- **About this task**
Find "Handsome man working out in a gym" and "with Popular Melodies" in the records below. Copy the lines holding them and every line between, exactly, and no others.

- **Source material**
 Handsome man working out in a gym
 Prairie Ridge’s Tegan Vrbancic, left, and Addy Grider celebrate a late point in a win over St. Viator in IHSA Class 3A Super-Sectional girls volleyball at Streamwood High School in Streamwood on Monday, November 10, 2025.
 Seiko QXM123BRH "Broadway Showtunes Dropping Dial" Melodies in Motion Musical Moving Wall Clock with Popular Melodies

* * *

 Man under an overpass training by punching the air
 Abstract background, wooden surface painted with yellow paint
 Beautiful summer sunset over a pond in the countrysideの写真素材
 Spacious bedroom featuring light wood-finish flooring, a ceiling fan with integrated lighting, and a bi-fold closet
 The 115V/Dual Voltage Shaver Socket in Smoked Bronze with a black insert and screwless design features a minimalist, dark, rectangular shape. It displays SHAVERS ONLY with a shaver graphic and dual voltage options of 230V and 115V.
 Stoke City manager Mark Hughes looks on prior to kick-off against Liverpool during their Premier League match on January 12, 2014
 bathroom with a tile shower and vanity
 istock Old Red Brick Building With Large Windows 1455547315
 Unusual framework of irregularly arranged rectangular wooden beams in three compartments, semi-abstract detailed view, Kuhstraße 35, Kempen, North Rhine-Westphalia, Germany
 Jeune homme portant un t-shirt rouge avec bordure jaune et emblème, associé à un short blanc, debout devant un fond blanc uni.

...

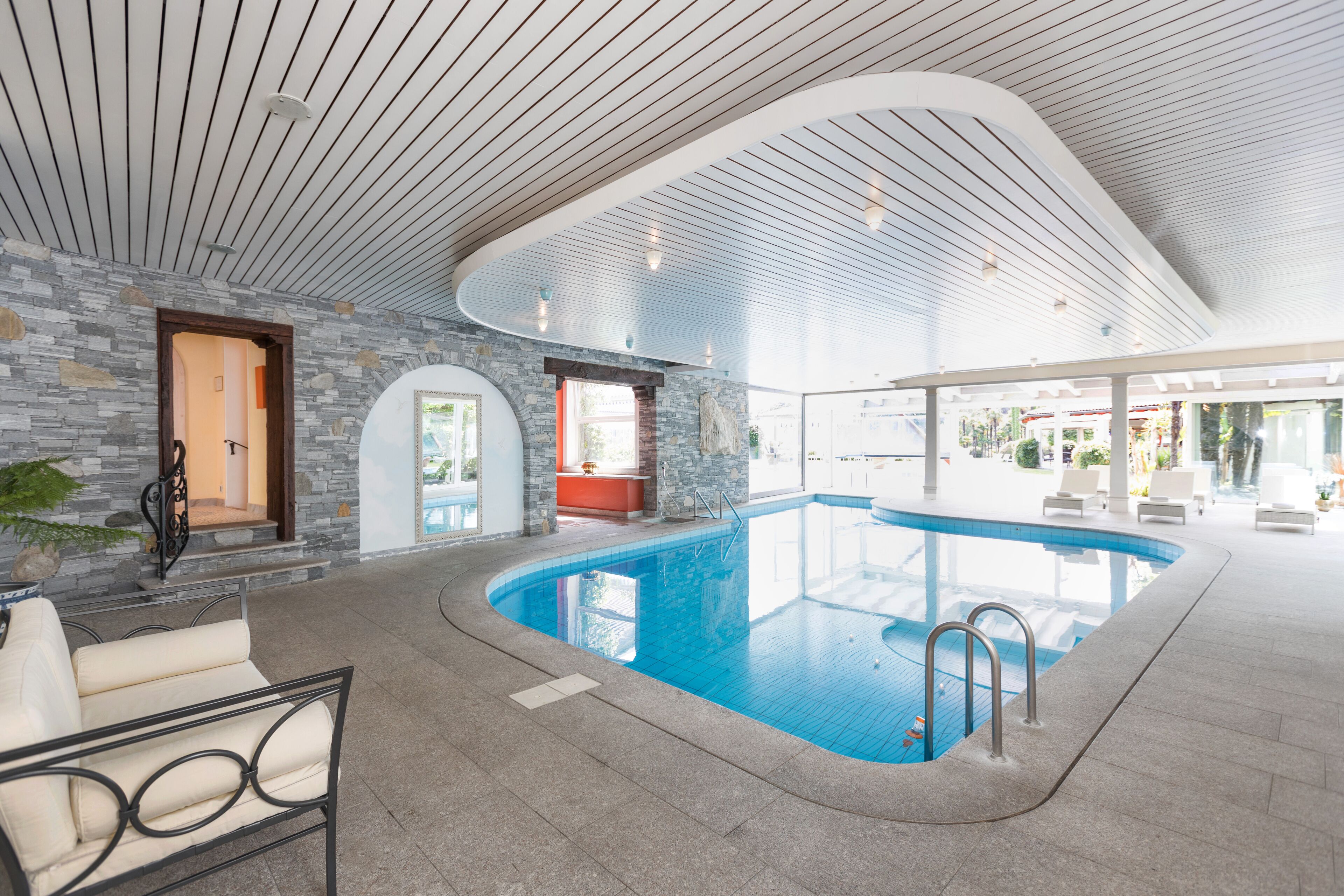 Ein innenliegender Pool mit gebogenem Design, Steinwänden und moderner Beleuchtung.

- **Result of this exercise**
 Handsome man working out in a gym
 Prairie Ridge’s Tegan Vrbancic, left, and Addy Grider celebrate a late point in a win over St. Viator in IHSA Class 3A Super-Sectional girls volleyball at Streamwood High School in Streamwood on Monday, November 10, 2025.
 Seiko QXM123BRH "Broadway Showtunes Dropping Dial" Melodies in Motion Musical Moving Wall Clock with Popular Melodies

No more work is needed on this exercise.